Sunday, July 24, 2016
Gazpacho (on a plate)
Gazpacho. Is it a soup or salad? Maybe both. Or maybe a sauce of sorts (salsa). It’s interesting, I think, that sauce, salad, and salary all share the same common root, sal, which is Latin for salt. A sauce was originally a form of salted liquid to season foods, and salting is what one did to their lettuce (and other vegetables) to bring out its natural flavors. And the English word salary is said to derive from sal because this is what slaves were often given in return for their back breaking work during Roman times. But I’m jumping ahead..
Like the rest of America, and the world no doubt, it has been hot, consistently hot this summer. I no longer work in a sweltering kitchen; the one in which I toil these days is an open kitchen. It gets warm but not hot. Yes, it is uncomfortable at times but not the...I hope I make it through this shift without passing out hot...that I was accustomed to. But for that my heart goes out to all my fellow culinarians who are working through those conditions in this hot summer.
With thus said, my house is not air conditioned. Not at all. Speaking with a neighbor recently I commented that I think I’m 1 of like 10 people in the city—ironically, the city in which air conditioning was invented—that didn’t have an air conditioner. He responded by saying I was also probably like 1 of 10 people who didn’t own a car. Neither of these are accurate, of course, but I thought it was funny.
Anyhow, the thought of cooking dinner in my sweltering home kitchen was less than appealing, so before I left the glassed-in air conditioned room which is the fancy grocery store in which I am currently employed, I bought a few things to make an easy dinner. Surveying the shelves that were overflowing with heirloom tomatoes and golden peppers, gazpacho came to mind. But I didn’t want soup, per se, but more of a chunky salad. And as I meandered the produce selection I thought about gazpacho, the recipe of course, but also it’s origin...like most foods it grew out of locality and possibly necessity. Use what you have to feed people.
Gazpacho is a recipe that has been around in various forms for a very long time, but the path to what we know it as today is likely convoluted. It’s said to have existed in Spain for more than a thousand years (possibly Moorish or Arab in origin), but prior to the fifteenth century it didn’t contain tomatoes and wasn’t red (tomatoes are a New World ingredient; they didn’t find their way into European cooking until the 1500’s). It most likely began as a vegetable, garlic, and herb soup that was thickened with breadcrumbs and ground almonds. Or possibly a chunky salad with bread in it to “stretch” the meal and utilize stale bread, not unlike the Italian panzanella or Middle Eastern fattoush I suppose. It’s truly an archaic recipe, a sort of edible archeological dig for food historians. Interestingly, the word soup is derived from the Middle English, sop, or sup, referring to a stale piece of bread onto which broth is poured to give a slight meal some substance. Today—because of the “gluten scare” and other reasons, I suppose—gazpacho is often made without bread. There are no hard and fast rules as to what gazpacho is or should be, but it’s often based on many of the same ingredients from its original versions: vegetables, garlic, vinegar, oil, and sometimes bread.

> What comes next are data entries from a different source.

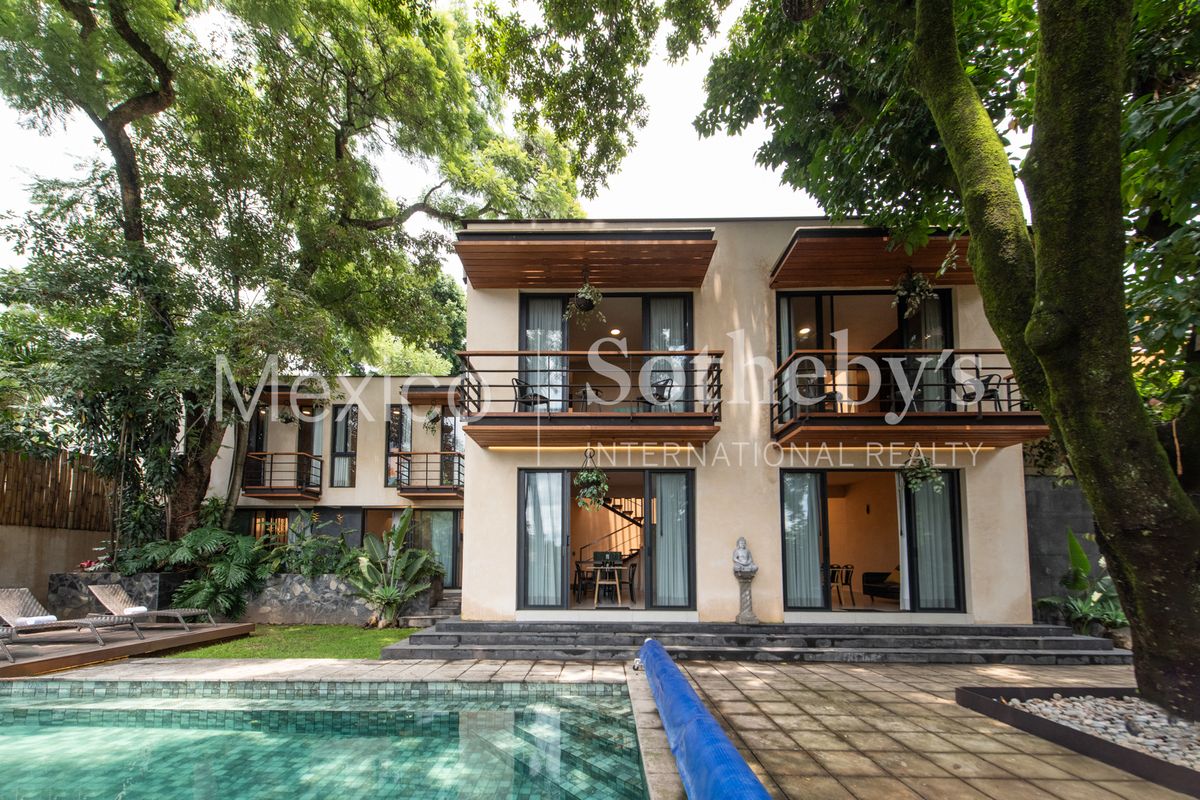 Casa en Venta en Cuernavaca, Casa Molloyoa Rancho Cortes - foto 5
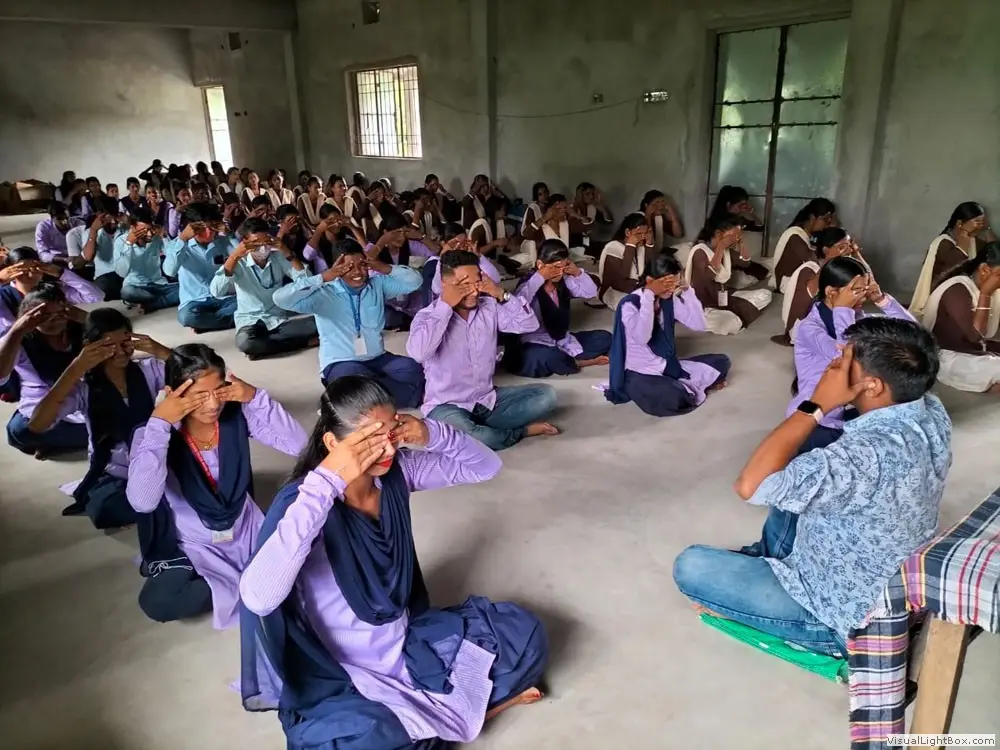 D.G.B.K. Mahavisyalaya: campus photo 4
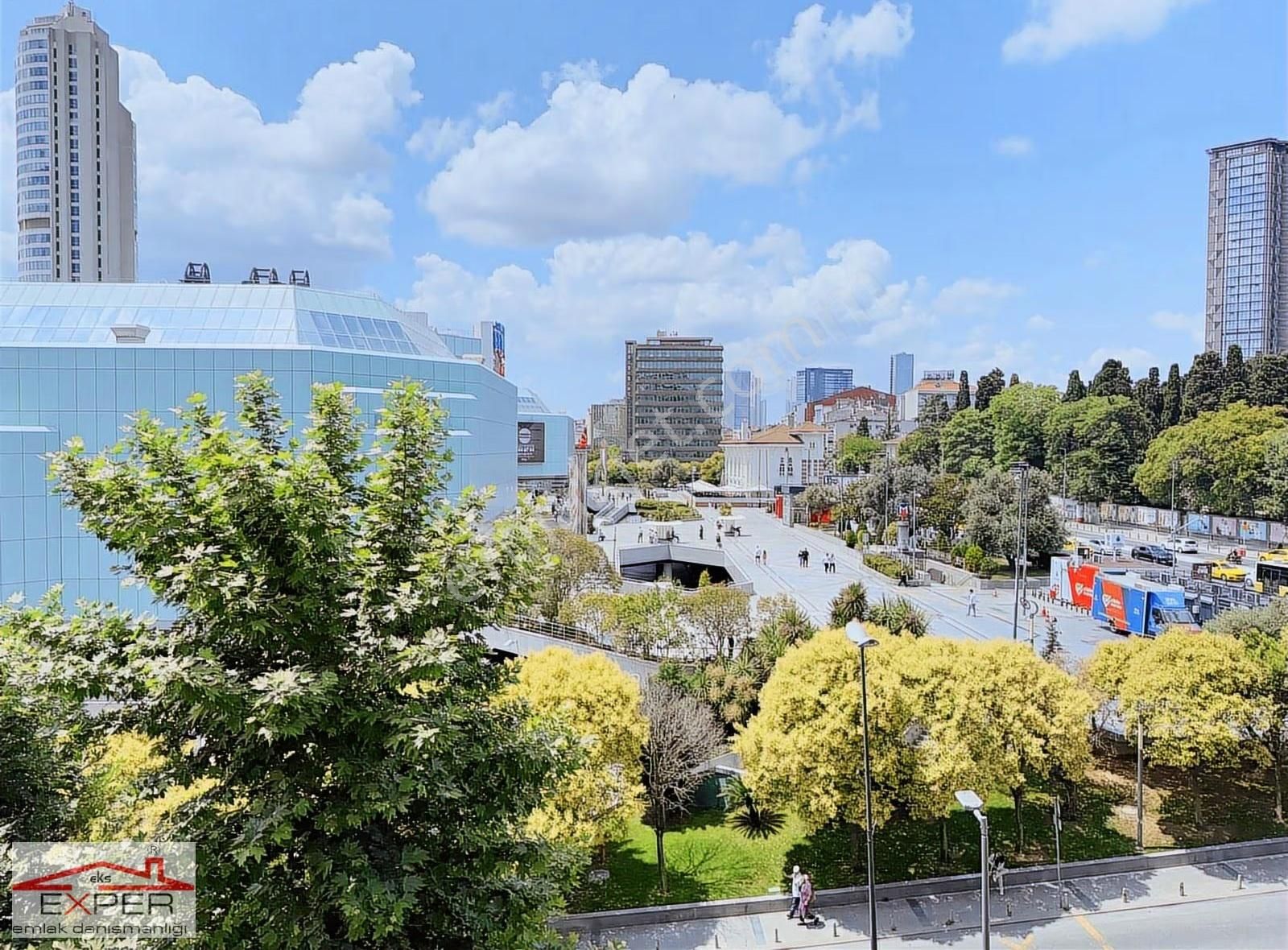 Cevahir Avm Yanı, Yangın Merdivenli Hukukçular Sitesi'nde 150m2 - Görsel 29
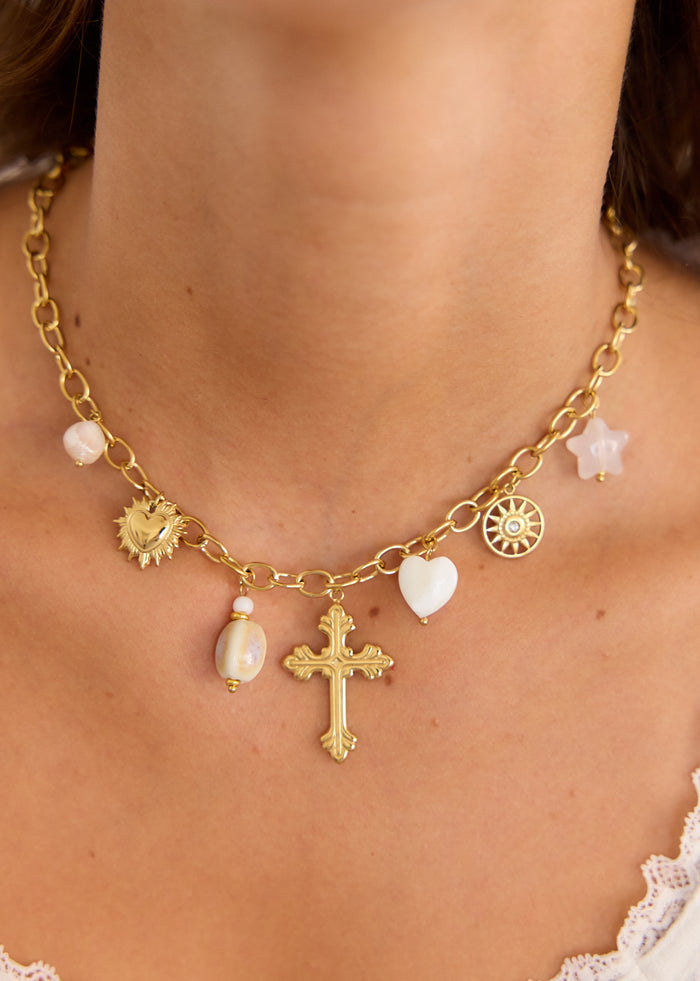Collier Caelen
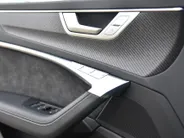 Audi RS7 C8 1/125 ABT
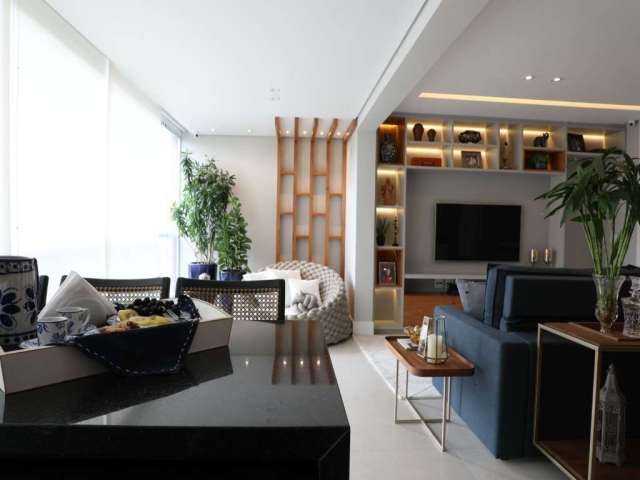 Apartamento com 3 quartos à venda na Rua Tito, --, Vila Romana, São Paulo por R$ 2.000.000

Tonight for dinner I made gazpacho which was more salad-like than it was a soup. It was delicious and took about 10 minutes to prepare. I ate it with large dollops of guacamole and Greek yogurt, and toasted slices of whole wheat bread and a glass of red wine. And as I sat eating I couldn’t think of abetter or more appropriate dinner to have on a sweltering July evening. Below is how I made this gazpacho salad (pictured above), and below that is a traditional recipe for gazpacho as a soup.
Gazpacho on a plate
Dice one or two large ripe tomatoes, a piece of cucumber, a small onion, a bell pepper, one or two jalapeno, a clove or two of garlic, parsley, and cilantro. Combine everything together in a bowl and add a quarter-cup of virgin olive oil and 2 or 3 tablespoons white wine vinegar. Season with kosher or sea salt and black pepper and mix together. Allow the flavors to mingle for about 5 minutes while you pour a glass a wine or slice some bread or set the table. Eat the salad straight from a bowl or transfer to a plate with other ingredients.
Makes about 4 cups
2 cups diced tomatoes
1/2 cup diced red bell peppers
1/2 cup diced cucumbers
1/4 cup loosely packed fresh breadcrumbs
1/4 cup diced onion
1/4 cup virgin olive oil
2 tablespoons white wine vinegar
2 hot peppers
2 teaspoon minced garlic
1 teaspoon kosher salt
1 teaspoon black pepper
1/2 teaspoon basil
1/2 teaspoon oregano
Combine all of the ingredients in a blender and pulse until desired consistency. Let stand 10 minutes; served chilled or at room temperature. Optional garnishes include but are not limited to: diced raw onion, hard cooked egg, parsley, and olives.